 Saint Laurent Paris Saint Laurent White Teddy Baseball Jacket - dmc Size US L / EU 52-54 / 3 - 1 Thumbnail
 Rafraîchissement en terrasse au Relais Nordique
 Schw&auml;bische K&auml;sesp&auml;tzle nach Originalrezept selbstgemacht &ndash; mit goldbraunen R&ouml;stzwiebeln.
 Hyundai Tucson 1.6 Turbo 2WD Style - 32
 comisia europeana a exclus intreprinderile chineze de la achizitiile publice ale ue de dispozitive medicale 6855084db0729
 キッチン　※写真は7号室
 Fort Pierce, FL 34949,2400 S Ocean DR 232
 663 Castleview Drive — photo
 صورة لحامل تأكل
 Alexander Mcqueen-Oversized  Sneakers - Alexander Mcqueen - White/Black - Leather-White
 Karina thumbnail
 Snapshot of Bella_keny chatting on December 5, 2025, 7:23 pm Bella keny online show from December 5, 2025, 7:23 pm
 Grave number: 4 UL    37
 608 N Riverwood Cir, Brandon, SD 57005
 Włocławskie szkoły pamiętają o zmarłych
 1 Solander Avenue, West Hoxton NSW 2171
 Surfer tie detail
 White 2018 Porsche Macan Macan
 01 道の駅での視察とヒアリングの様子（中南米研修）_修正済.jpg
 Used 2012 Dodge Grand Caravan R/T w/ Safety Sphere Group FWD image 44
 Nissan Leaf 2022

• _Task to complete_
Everything above must be retyped. Keep each record exactly the same.

• _Response area_
 Saint Laurent Paris Saint Laurent White Teddy Baseball Jacket - dmc Size US L / EU 52-54 / 3 - 1 Thumbnail
 Rafraîchissement en terrasse au Relais Nordique
 Schw&auml;bische K&auml;sesp&auml;tzle nach Originalrezept selbstgemacht &ndash; mit goldbraunen R&ouml;stzwiebeln.
 Hyundai Tucson 1.6 Turbo 2WD Style - 32
 comisia europeana a exclus intreprinderile chineze de la achizitiile publice ale ue de dispozitive medicale 6855084db0729
 キッチン　※写真は7号室
 Fort Pierce, FL 34949,2400 S Ocean DR 232
 663 Castleview Drive — photo
 صورة لحامل تأكل
 Alexander Mcqueen-Oversized  Sneakers - Alexander Mcqueen - White/Black - Leather-White
 Karina thumbnail
 Snapshot of Bella_keny chatting on December 5, 2025, 7:23 pm Bella keny online show from December 5, 2025, 7:23 pm
 Grave number: 4 UL    37
 608 N Riverwood Cir, Brandon, SD 57005
 Włocławskie szkoły pamiętają o zmarłych
 1 Solander Avenue, West Hoxton NSW 2171
 Surfer tie detail
 White 2018 Porsche Macan Macan
 01 道の駅での視察とヒアリングの様子（中南米研修）_修正済.jpg
 Used 2012 Dodge Grand Caravan R/T w/ Safety Sphere Group FWD image 44
 Nissan Leaf 2022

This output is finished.